DEA BIRKETT The real world shared by circus and museums
In the next in her series marking the 250th anniversary of the circus, Dea Birkett – the official Ringmaster of Circus250 – finds that big top performance and gallery display have more in common that you think
2018 has marked 250 years of circus with over 500 events happening UK and Ireland-wide. But of all these celebrations, the ones that have shone out have been at museums.
From the Circus Work exhibition at the Harley Gallery, Nottinghamshire, to Circus: Performers, Politics and Pop Culture at the National Centre for Craft and Design in Lincolnshire and The Art of the Showat the National Gallery Ireland, institutions that have never before seen a clown’s nose nor sparkly leotard have embraced, explored and enthused about circus and its history.
The Science Museum held a Lates (the monthly free after-hours theme nights) on the science of circus, and at the annual director's dinner the entertainment included aerial hoop, stiltwalkers and jugglers from Lost in Translation circus.
The Circus250 year opened in January with a circus act under Hope, the giant blue whale in the Natural History Museum’s Hintze Hall. We called the act “Handstand for Hope”.

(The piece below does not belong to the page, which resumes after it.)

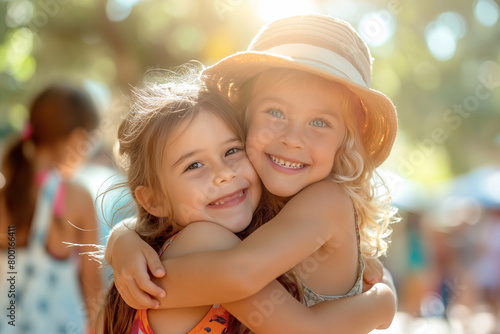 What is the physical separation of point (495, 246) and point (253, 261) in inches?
255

'Circus! Show of Shows' at museums in Great Yarmouth and Newcastle-upon-Tyne
Why have museums taken up an outsider(ish) artform like circus? Circus is live performance, often in a temporary space, involving a great deal of movement. Museums are stuffed with static things (known as “objects”) mostly displayed on walls and pedestals and in glass cabinets. Unlike the sensory-rich circus, museums have no smell and discourage touch. But museums and circuses share a Unique Selling Point. They are both about the real.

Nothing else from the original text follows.